Jean Smith, from Nilaari, said:
“After feeling unsure that anything will really change, now some months on I really believe I’m journeying with folks that listen and are determined do things differently.”
Huda Hajinur and Asha Mohamed, at Caafi Health, said:
“We believe those most impacted by health inequities should have a say in how their research data are collected and interpreted, and that communities should play a leading role identifying their own health challenges and developing solution through research.
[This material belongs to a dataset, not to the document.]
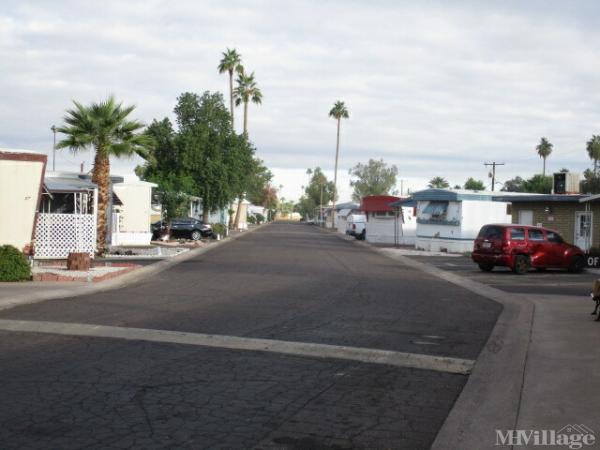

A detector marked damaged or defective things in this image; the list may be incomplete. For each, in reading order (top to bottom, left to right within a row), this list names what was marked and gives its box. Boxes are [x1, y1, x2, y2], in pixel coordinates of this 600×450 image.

“Through the REN project we acknowledge that the roots of inequities are tied to a legacy of historical trauma in communities. We recognise that solutions to health research inequities can often be found within the strength and resilience of communities. We also recognise that research health equity cannot be achieved without naming the impacts of structural racism and working toward racial equity. Leading with race allows us to understand the health of all communities more clearly across Bristol, North Somerset and South Gloucestershire. Working as part of network of leadership through the REN has been a unique and positive experience that can shape the future how research is conducted.”
Aaruni Suresh, also from Caafi Health, added:
“It has been an absolute pleasure to meet these incredible individuals and be a part of this project team. Everyone has been incredibly helpful and supportive, making this experience great. I am confident that this project will bring communities and researchers closer together, ultimately leading to a brighter and healthier future.”